In Hemel Hampstead, nordwestlich von England aufgewachsen, hatte Rachel Virtue alias Folly Rae als professionelle Tänzerin begonnen, ehe sie zur Musik kam. Nachdem bereits 2014 einige ihrer Songs die Aufmerksamkeit von BBC Radio 1-Verantwortlichen geweckt hatten, nahm sie an der BBC-Reihe BBC-Introducing und dem SXSW teil, welches als Showcase Festival für die kommende Festivalsaison dient. Nach verschiedenen Kollaborationen wie mit Koven (London), Ambassadeurs (Brighton) und Tom Swoon (Polen) war Folly Rae bisher hauptsächlich im Elektro unterwegs. Als Featuring-Act von diversen Dance und Drum & Bass Tracks hat sich die Britin nun für einen modernen R&B-Sound entschieden. Mit ihrer aktuellen Single U zeigt Folly Rae mit einem dumpfen Beat, düsteren Klängen und einer männlicher Stimme, die ihr wie ein Schatten durch den Refrein folgt, dass ihre Stimme nicht nur zu elektronischer Musik passt. U ist hypnotisierend, schwer und legt die Messlatte gleich mit einem ihrer ersten Songs sehr hoch an.

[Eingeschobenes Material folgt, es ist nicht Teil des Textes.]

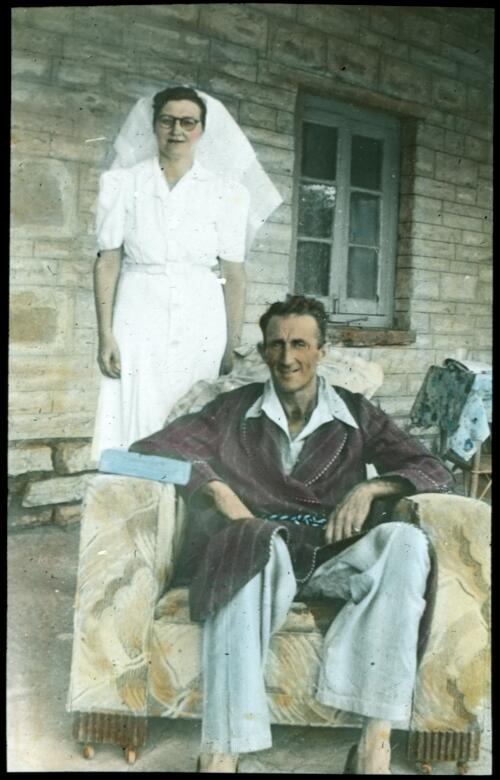 Unidentified recuperating patient with nurse [transparency] : a lantern slide used in lectures on all Australian Inland Mission activities, 1940- / [John Flynn?]
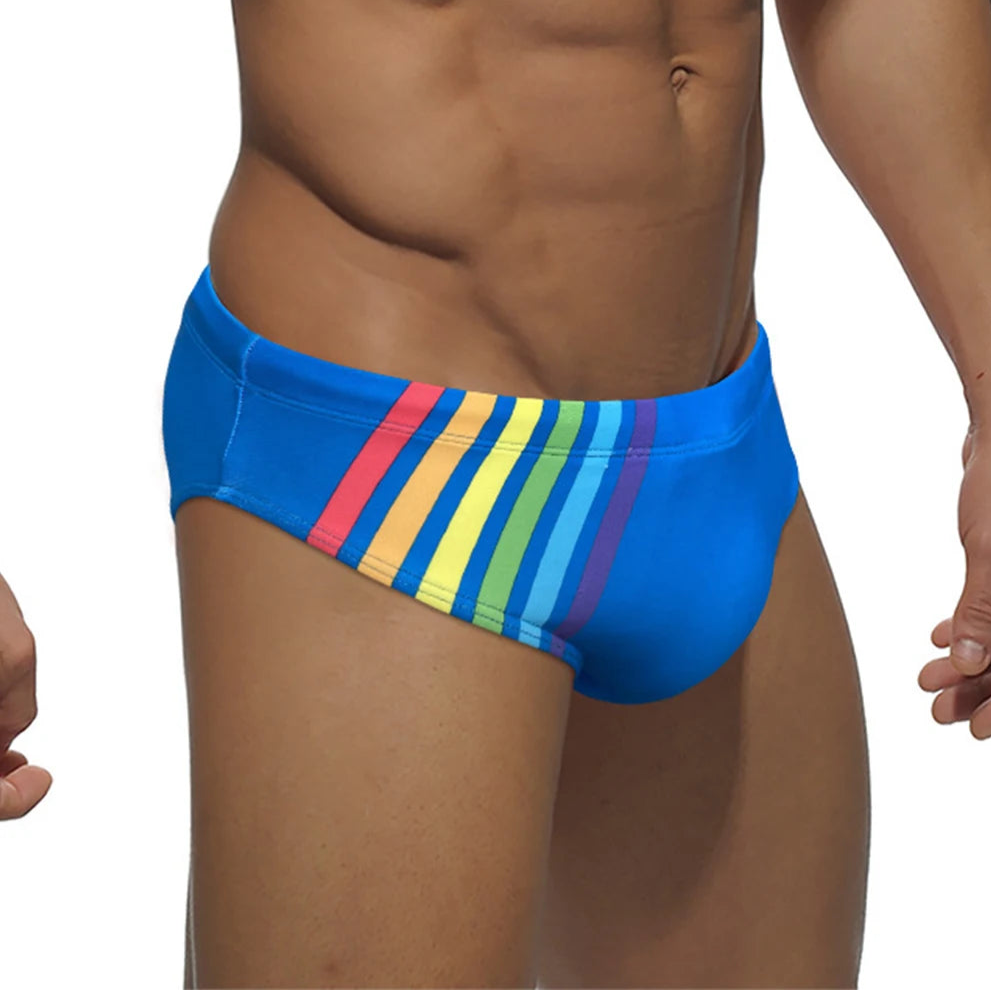 a sexy man in blue Men’s Pride Streak Bikini Swim Briefs - pridevoyageshop.com - gay men’s sexy swim briefs, trunks, board shorts, and bikinis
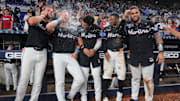 Aug 1, 2025; Miami, Florida, USA;  Miami Marlins center fielder Jakob Marsee (87), left fielder Kyle Stowers (28), third baseman Javier Sanoja (46), second baseman Xavier Edwards (9) and catcher Agustin Ramirez (50) celebrate after winning the game against the New York Yankees at loanDepot Park. Mandatory Credit: Sam Navarro-Imagn Images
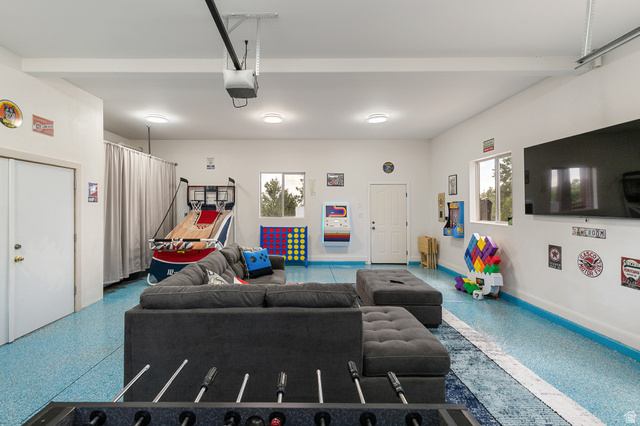755 South Zion Ridge Drive Orderville, UT 84758 - Photo 83 of 84 Living room featuring speckle patterned floor and a garage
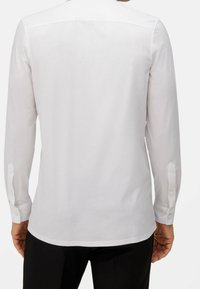 Chemise blanche à manches longues avec une coupe droite, des poignets boutonnés et une texture lisse. Elle présente un col classique et aucun motif ni logo visible.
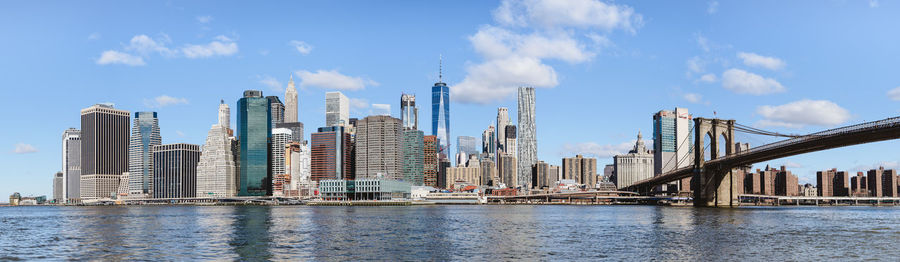 Panoramic view of city by river and buildings against sky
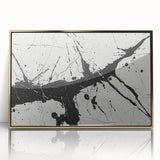 Framed black and white abstract wall art design showcasing dynamic shapes and textures, accented with a sleek gold frame, perfect for modern decor.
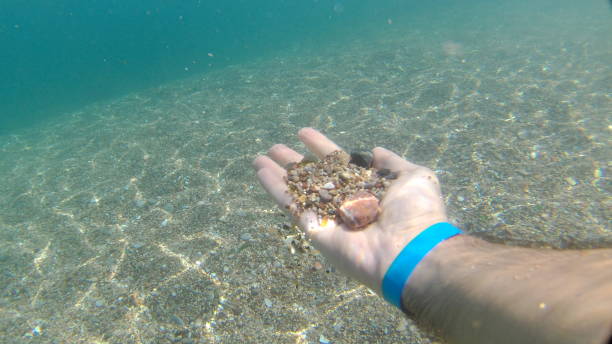 istock Natural sunbeams underwater with rocks 1034911114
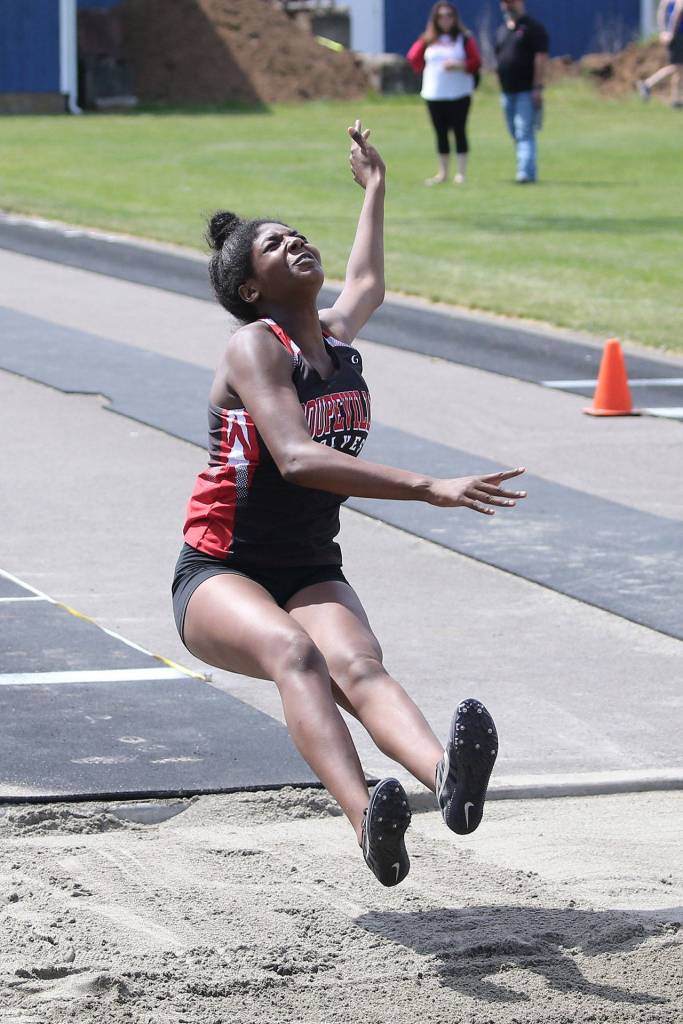 JaKenya Hoskins flies in the long jump.(Photo by John Fisken)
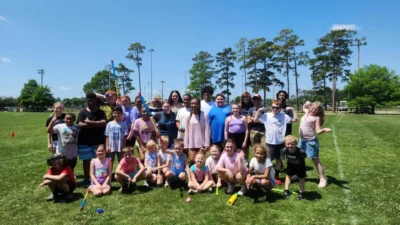 A group of smiling children and adults poses on a sunny day at a park, with green grass and tall trees in the background, conveying joy and camaraderie.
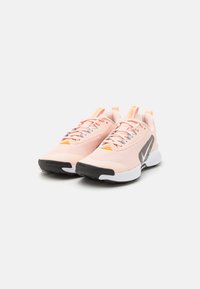 Light pink athletic shoes with textured mesh upper, contrasting black rubber outsole, and multicolored accents on laces and tongue.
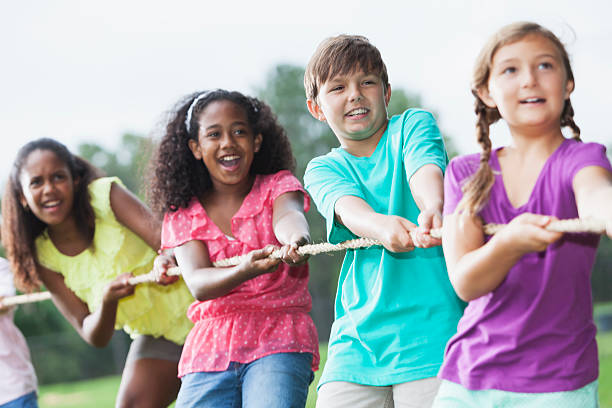 istock Children playing tug of war 485924213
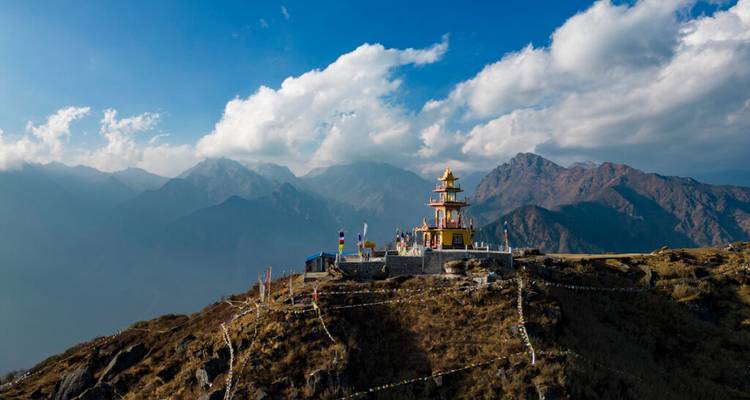 Kleurrijke stupa op een hoge bergkam omlijst door dramatische Himalaya-toppen onder een diepblauwe hemel.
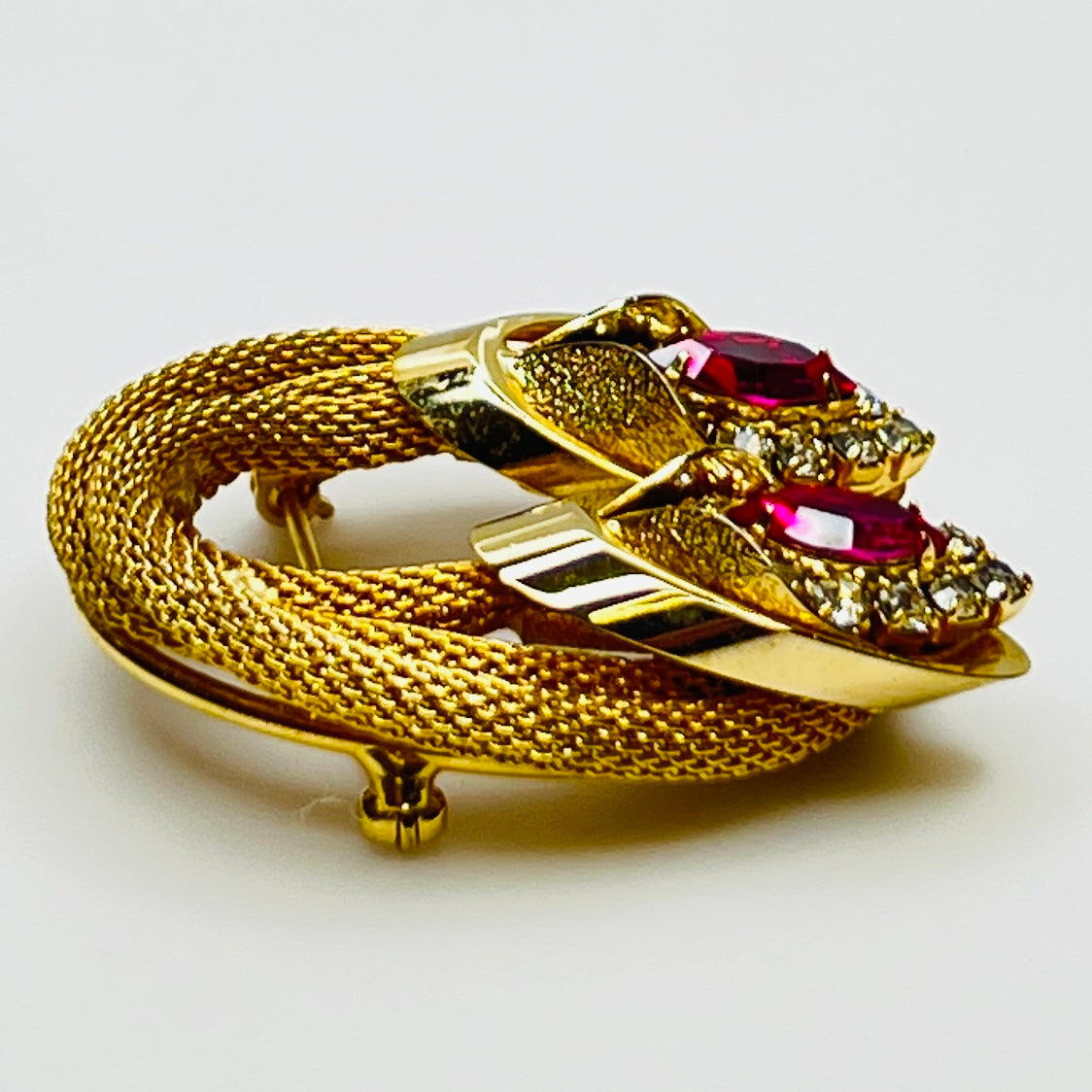 Side angle of vintage Kramer brooch showing dimensional design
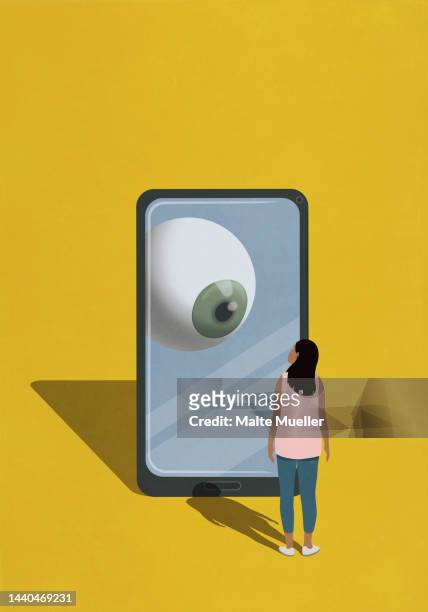 bildbanksillustrationer, clip art samt tecknat material och ikoner med large eyeball on smart phone watching woman - spionprogram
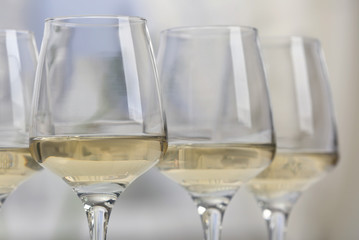 Glasses of white wine closeup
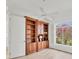 Well-lit room with hardwood floors, a ceiling fan, a window, and attractive wood built-in shelving at 2914 Dick Wilson Dr, Sarasota, FL 34240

Brolin – Bringt eine Maske den Erfolg?

Brolin - Swim Deep

Brolin – Swim Deep

Er ist ein Produzent aus Großbritannien und beschreibt sich selber als Schlafzimmer-Musiker, der vom Produzieren über das Schreiben bis hin zum Abmischen überall seine Hände mit im Spiel hat und so viel wie möglich alleine auf die Beine stellt. Doch viel mehr, kann man über ihn dann schon gar nicht mehr sagen, da sich Brolin stets hinter einer Maske versteckt und nur selten Interviews gibt. Beachtlich ist allerdings, dass er bereits 2013 vom BBC Radio zum BBC Sound of 2013 gewählt wurde.
Mit dem Song ‚Swim Deep‘ hat sich Brolin dann auch schon gleich zu Beginn seiner Karriere eine Referenz geschaffen, die ihn bei weitem genügt um seinen Sound zu beschreiben. Wabern doch schwere Beats zu einer sensiblen Stimme mit einfühlsamen Lyrics, werden im dazugehörigen Musikclip drei Paare gezeigt, die jeweils den Moment das Aufwachens erleben. So intim und voller Zuneigung werden bewegte Bilder selten mit einem Sound in Einklang gebracht. Und so ist ‚Swim Deep‘ der perfekte Song um in den eigenen Tag zu starten und sich einen Moment fernab von allem zu fühlen. Immer wieder und stets aufs Neue.

Danny L Harle – Die 90er bleiben im Gedächtnis

Danny L Harle - Broken Flowers

Danny L Harle – Broken Flowers

Für den Briten Danny L Harle hat es etwas gedauert, ehe einer seine Songs den Weg ins Radio fand. Bereits 2013 veröffentlichte Harle den Song ‚Broken Flowers‘, der sich als langsamer steigender Hit erweisen sollte. Waren seine Songs zwischen 2012 und 2016 eher einem kleinen Publikum zuteil geworden, gelang Harle mit Remixen für Years & Years, Panda Bear oder Spector der Durchbruch. Vor allem der Remix für ‚Shine‘ – von Years & Years sollte Harle im Mainstream Fuß fassen lassen.
Nun also eine Nummer, die knapp drei Jahre alt ist und nur durch das Introducing der BBC Radiostationen bekannt wurde. So hat das vielbeachtete Radio 1 der BBC, ‚Broken Flowers‘ kurzerhand in das Programm genommen und ihm somit eine Plattform angeboten.
‚Broken Flower‘ klingt so nach den 90er Jahren, dass man meinen müsste, sich sofort zu verstecken. Doch klingt ‚Broken Flowers‘ frisch und innovativ auch wenn oder gerade weil Danny L Harle sich an den 90er Jahren orientiert hat.